Last year around this time Sharp introduced its Promotion Plus Pricing, a new pricing program that did away with the special monthly incentives so common to the industry by giving that pricing to their dealers every single day.
If you want to shake up your dealer channel, just change the status quo. After a rocky start and trying to convince dealers that this was a better way than ‘the deal of the day’ approach that they were used to, the program has been a boon to Sharp and its dealers. According to Mike Marusic, senior vice president of Sharp’s Marketing & Business Solutions Group, the numbers point to a program that’s been a raging success.

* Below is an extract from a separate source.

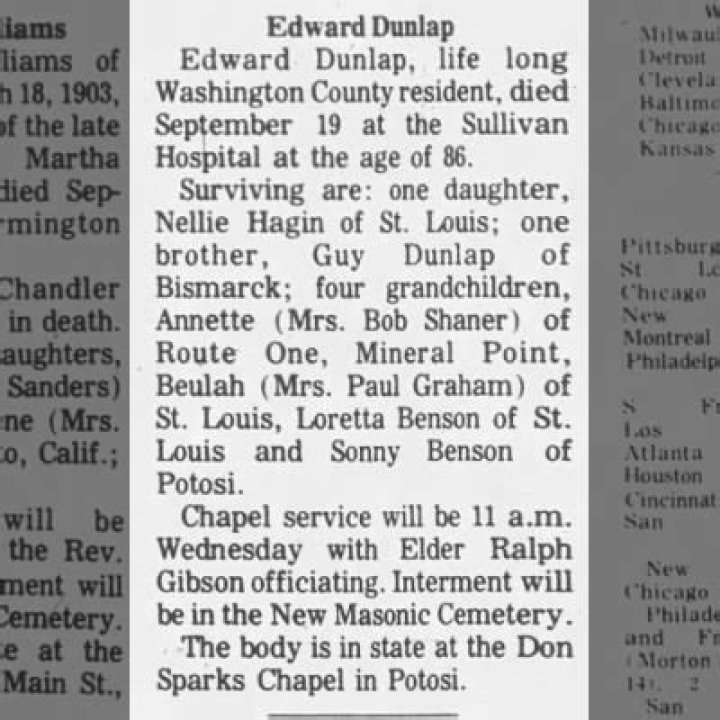 Obituary Of Edward Dunlap: A Life Remembered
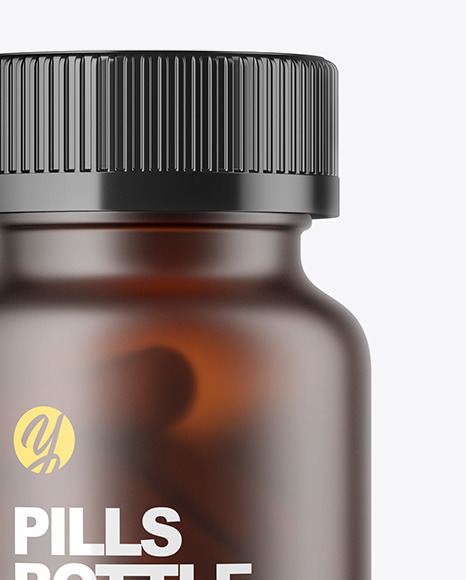 Frosted Amber Pills Bottle Mockup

Based on its six-month fiscal, year over year, Sharp-only dealers have seen their business up by 136 percent year over year thanks to Promotion Plus Pricing. “I don’t think there’s any other channel in the industry up 136 percent year over year,” states Marusic.
Probably not.
“That’s tens of millions of dollars in additional sales for us,” he adds.
Rank this too as a notable achievement for Sharp who spent a good portion of the past year dispelling rumors about its future because of its parent company’s financial troubles—rumors that competitors haven’t been shy about exploiting.
Is he surprised that Sharp-only dealers are up 136 percent in this crazy business climate. “I am,” he says. “We knew it was the right thing, but it was amazing the challenges they faced because they had a lot of hits against them for being Sharp only.”
By providing stable pricing, dealers are now able to sell their customers products at the best possible price every single day.
A year later the Promotion Plus Pricing program remains the same as when it was initially introduced on Oct. 1, 2012. “The key to the whole program is its consistency,” says Marusic.
He acknowledges that this still a little more of a challenge whenever Sharp introduces a new model because the pricing for the older models was based on the best net pricing provided to dealers under the deal of the day system, which was then converted to their everyday pricing. The new models don’t have that history. As a result Sharp tries to get as aggressive as possible with the pricing for new introductions.
“That’s a little hard psychologically because you have to be aggressive before you perceive the need,” says Marusic.
Still, so far so good with the pricing on the new models.
As for Sharp’s dual-line dealers, their Sharp business is up 16 percent year over year.
Last year we spoke with a couple of Sharp dealers who were lukewarm about the Promotion Plus Pricing. Part of that uncertainty was because these dealers were used to getting great pricing deals and the concern was that those deals would disappear. Turns out those concerns were unwarranted. Of those two dealers, the least successful has found his Sharp numbers up 180 percent year over year. One of those dealers, Chip Miceli, president of DPOE in Elk Grove, IL, now notes, “The program worked great for us; I was able to cut my inventory down, which give me a lot more working capital. I never liked ordering at the end of the year or quarter big buy deals.”
With the deal of the day supplanted by Promotion Plus Pricing Sharp has seen a steady line of sales across the board without the peaks and valleys typically associated with those deals of the day.
Going into its final month of their fiscal year (September), Sharp was well ahead of plan and well ahead of profit goals. “The reason is the last five of the past six months in our half year our dealers have been buying ahead of last year’s rate without the deals,” confirms Marusic.